» Your instructions:
Given these entries, repeat exactly the lines starting with the one that has "분리된 AOC 세포주의" and going on through the one that has "Hình ảnh thay", both included, but none of the pictures.

» Records drawn from a dataset:
######

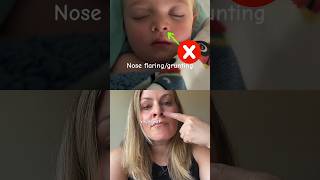 What does CROUP sound like amp Home Treatment for Croup [upl. by Elwina780]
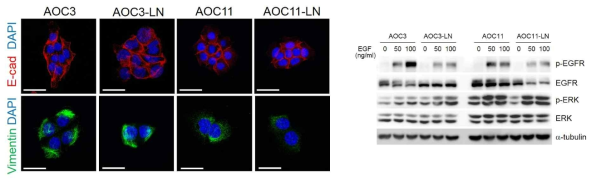 분리된 AOC 세포주의 특성 규명 (E-cad의 발현 및 EGFR 신호전달체계의 활성) - 선행연구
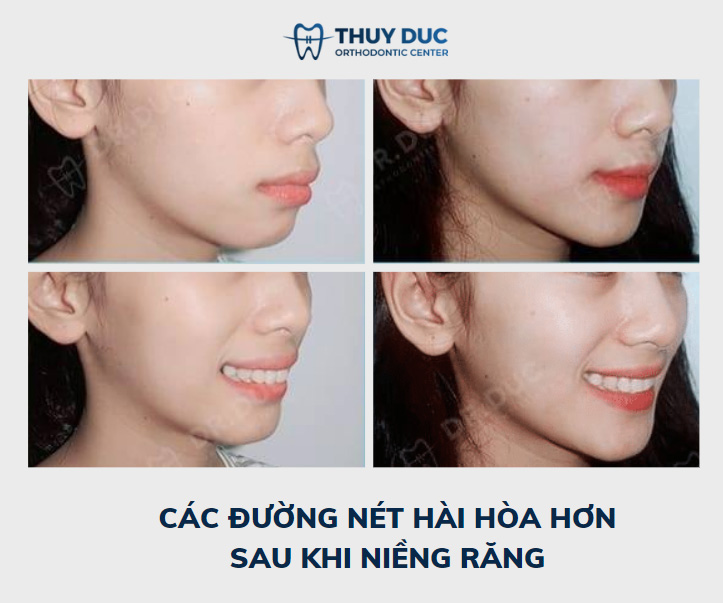 Hình ảnh thay đổi trước và sau khi niềng răng hô tại Nha khoa Thúy Đức 4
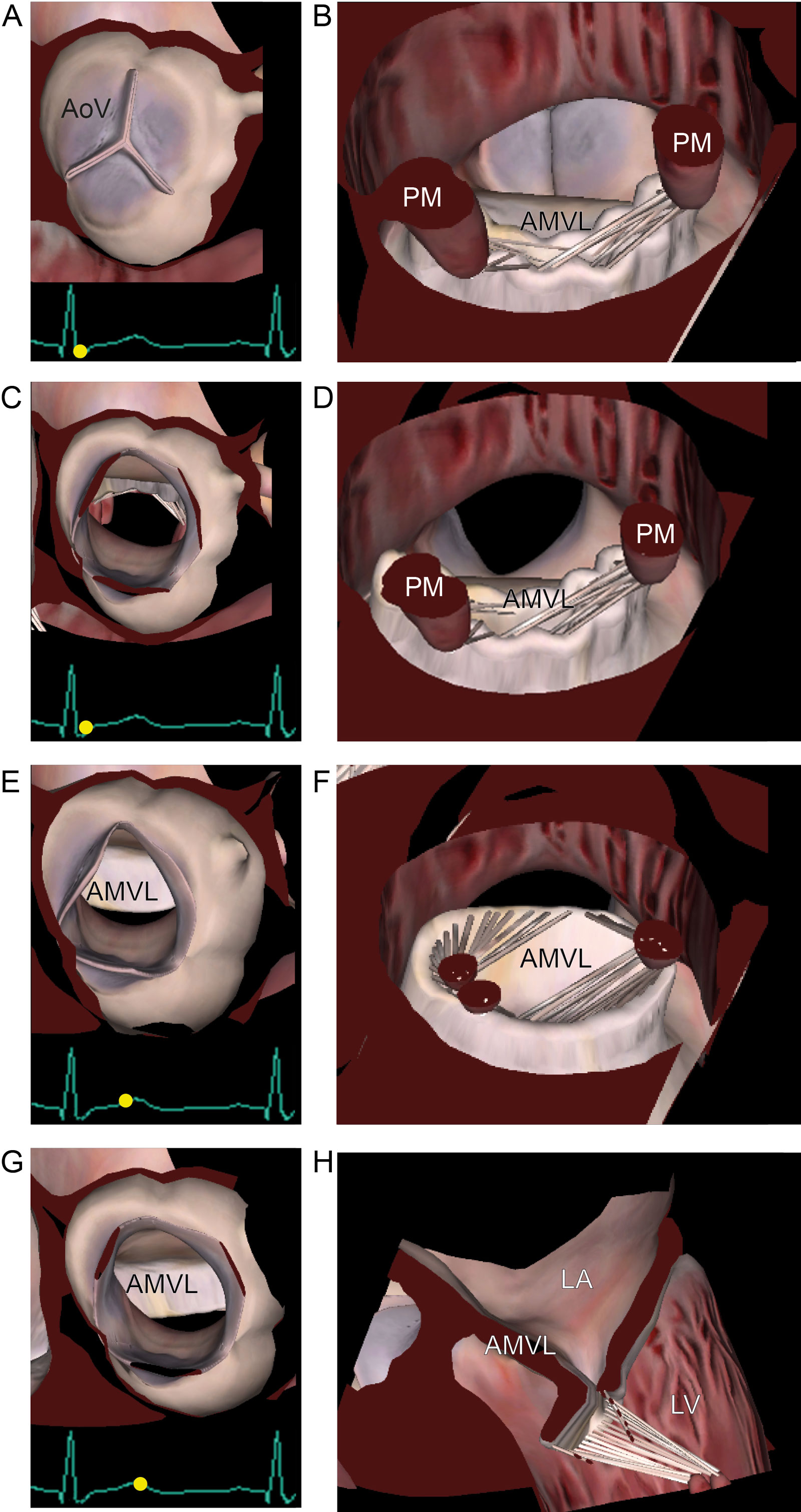 HCM and SAM. Schematic representation of (A-D) AoV valve view and (E-H) LVOT view of SAM. Reduction of AoV opening downstream the SAM in late-systole. Note the LVOT obstruction by the AMVL.<em> Abbreviations</em>: AMVL, anterior mitral valve leaflet; AoV, aortic valve; HCM, hypertrophic cardiomyopathy; LA, left atrium; LV, left ventricle; PMs, papillary muscles; SAM, systolic anterior motion. Adapted from Silbiger et al.<strong><sup>44</sup></strong> <i class='fa fa-video-camera' aria-hidden='true'></i>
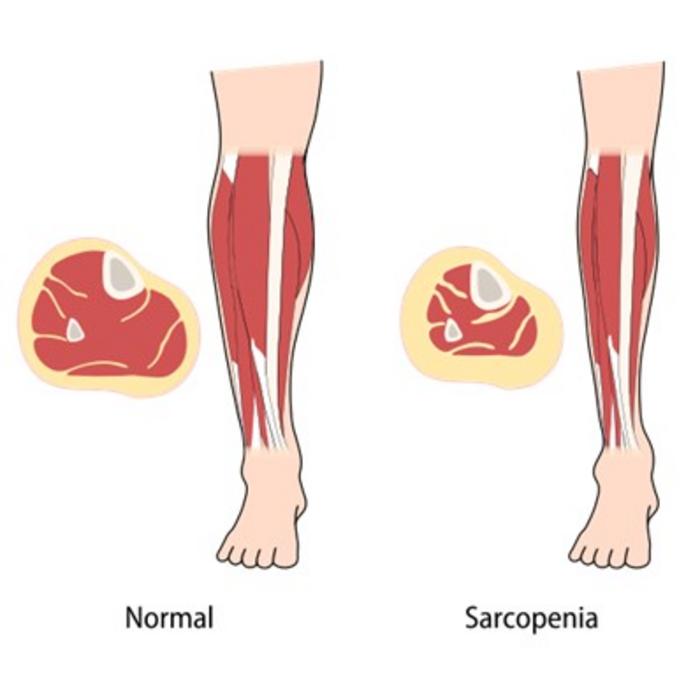 Loss of Muscle Mass in Rheumatoid Arthritis
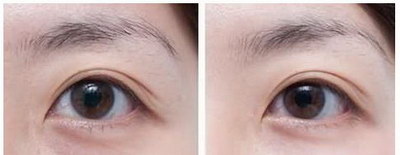 双眼皮多久能用眼药水(埋线双眼皮术后多久能用眼药水)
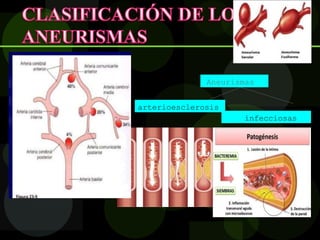 Aneurismas
infecciosas
arterioesclerosis
 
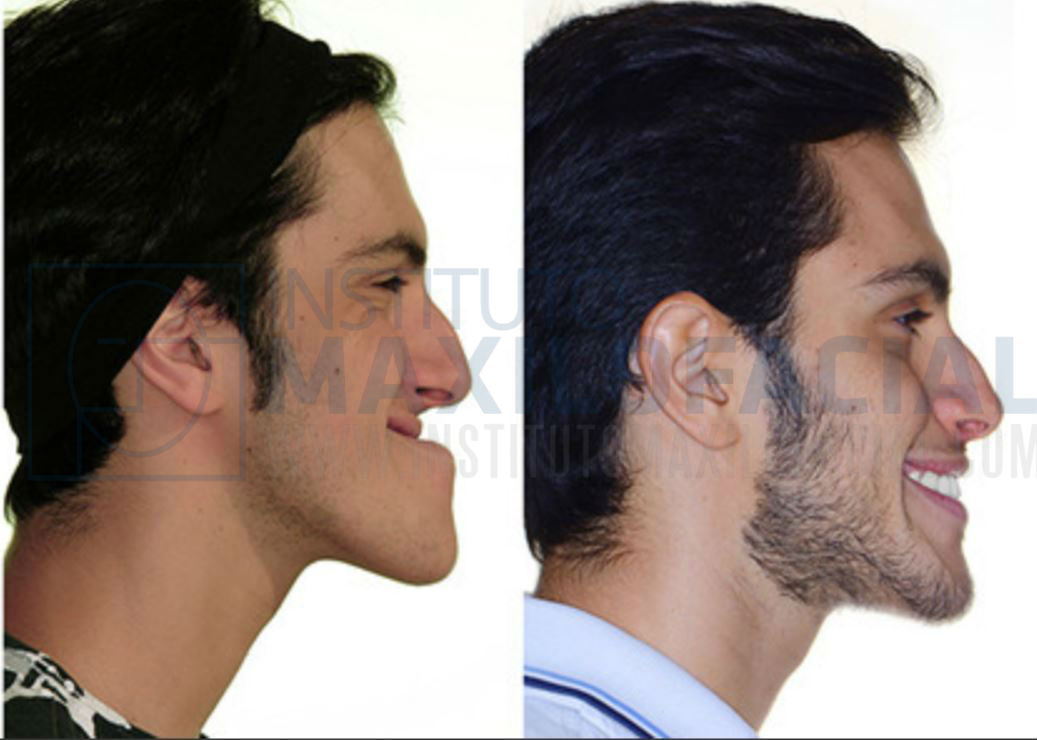perfil-marca-de-agua-2.jpg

######

» Answer for this exercise:
 분리된 AOC 세포주의 특성 규명 (E-cad의 발현 및 EGFR 신호전달체계의 활성) - 선행연구
 Hình ảnh thay đổi trước và sau khi niềng răng hô tại Nha khoa Thúy Đức 4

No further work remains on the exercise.